India’s retail inflation has hit a remarkable low, clocking in at just 3.34 percent for March 2025. This figure, the lowest in 67 months, comes as welcome news and aligns with the Reserve Bank of India’s (RBI) target of under 4 percent. The encouraging data released on April 15, marks the second consecutive month of sub-4 percent inflation, dropping from 3.61 percent in February. This positive trend brings the average inflation for FY25 down to 4.6 percent, a considerable decrease from the 5.4 percent seen in FY24.
Inflation hits remarkable low
The primary driver for this decline is a significant easing of food inflation, which fell to 2.69 percent in March from 3.75 percent the previous month. Reduced prices for vegetables, eggs, and pulses have been instrumental in this drop, as noted by economists. A favourable base effect from the previous year’s higher prices has also played a role, and some analysts predict this beneficial effect could sustain low inflation for another few months. Reinforcing this trend, the Thali Index indicates a decrease in the cost of vegetarian home-cooked meals, providing further evidence of food price relief.
However, not all indicators point downwards. Core inflation, which excludes food and fuel and includes items like transport and education, remains persistent at 4.1 percent. Personal care product costs are particularly elevated, experiencing a 13.5 percent surge due to increased input costs, partly driven by higher gold and silver prices. Edible oils and fruits also prevent food inflation from falling further, influenced by volatile global prices and currency exchange fluctuations. Furthermore, an LPG price increase this April presents a minor upward risk to inflation.

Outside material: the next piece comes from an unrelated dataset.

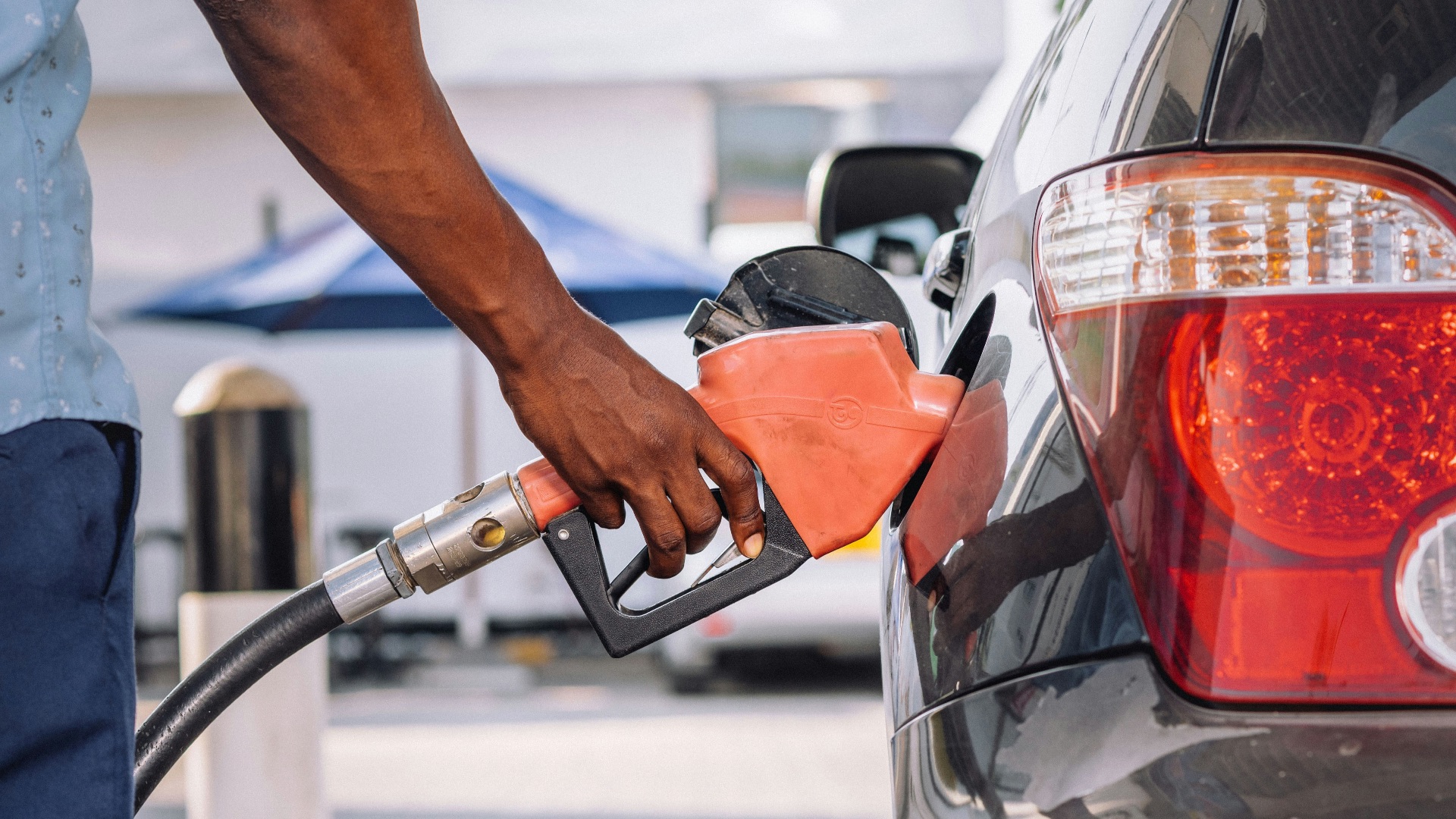 a man pumping gas into his car at a gas station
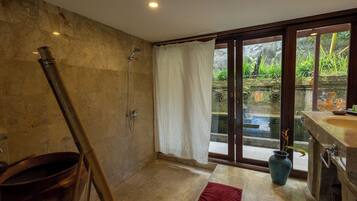 Ein Badezimmer mit Dusche, Waschbecken und Blick auf einen Garten durch eine Glastür.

The RBI has already responded to the easing inflation by adopting an accommodative stance and reducing the repo rate by 25 basis points in April, bringing it to 6 percent. This move has been seen as justified by the recent inflation figures, with expectations of further rate cuts in the coming months if inflation remains benign. Some experts even anticipate another 50 basis points in cuts for FY26, should the current trend persist. This shift in the RBI’s approach indicates a move towards prioritising economic growth, now that inflation appears to be under control.
Home finance shows strong growth
In parallel to the encouraging inflation data, ICICI Home Finance Company has announced a robust 42.15% jump in net profit for the March 2025 quarter compared to the same period last year. Sales also saw substantial growth, rising by 27.65% during the quarter. For the entire fiscal year, the company’s net profit increased by 30.02%, with sales up by 30.37%. This strong performance highlights a positive trajectory in the home finance sector, indicating healthy demand for housing loans. The company’s consistent operating profit margin suggests efficient operations contributing to sustained profitability.

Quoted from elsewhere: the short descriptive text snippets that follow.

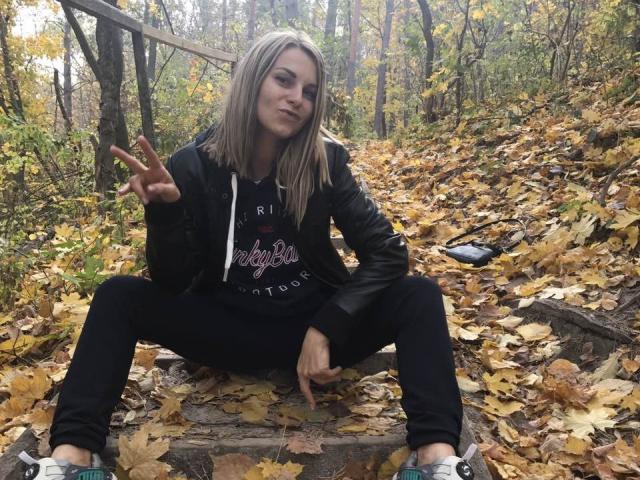 BelleLisaG, blonde, leather jacket, black hoodie, sitting on steps, spreading legs, making peace sign, autumn leaves, black pants, sneakers, forest background, relaxed, confident, cute.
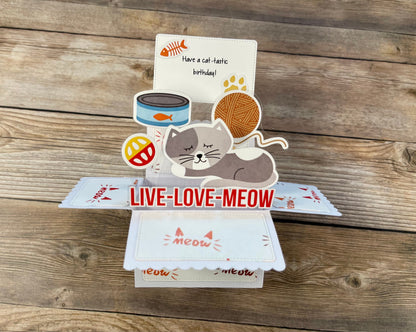 Pop-up card with cat-themed elements and 'Live Love Meow' text on a wooden surface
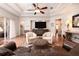 Bright living room with tray ceiling, hardwood floors, and cozy seating arrangement with a neutral color palette at 202 Westcott Ct, Deland, FL 32724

Lower interest rates, spurred by the RBI’s accommodative policy and falling inflation, are likely to further fuel demand in the housing and related sectors. This creates a favourable environment for home finance companies like ICICI, potentially leading to continued growth and profitability. However, savers, particularly those reliant on fixed deposits, may face reduced returns as banks adjust deposit rates downwards in response to lower borrowing costs.
Will the current low inflation sustain? While the current economic indicators are positive, external factors such as global commodity price volatility and exchange rate fluctuations remain risks. For now, the confluence of low inflation and strong performance in sectors like home finance paints a promising picture for the Indian economy, offering a window for growth supported by accommodative monetary policy.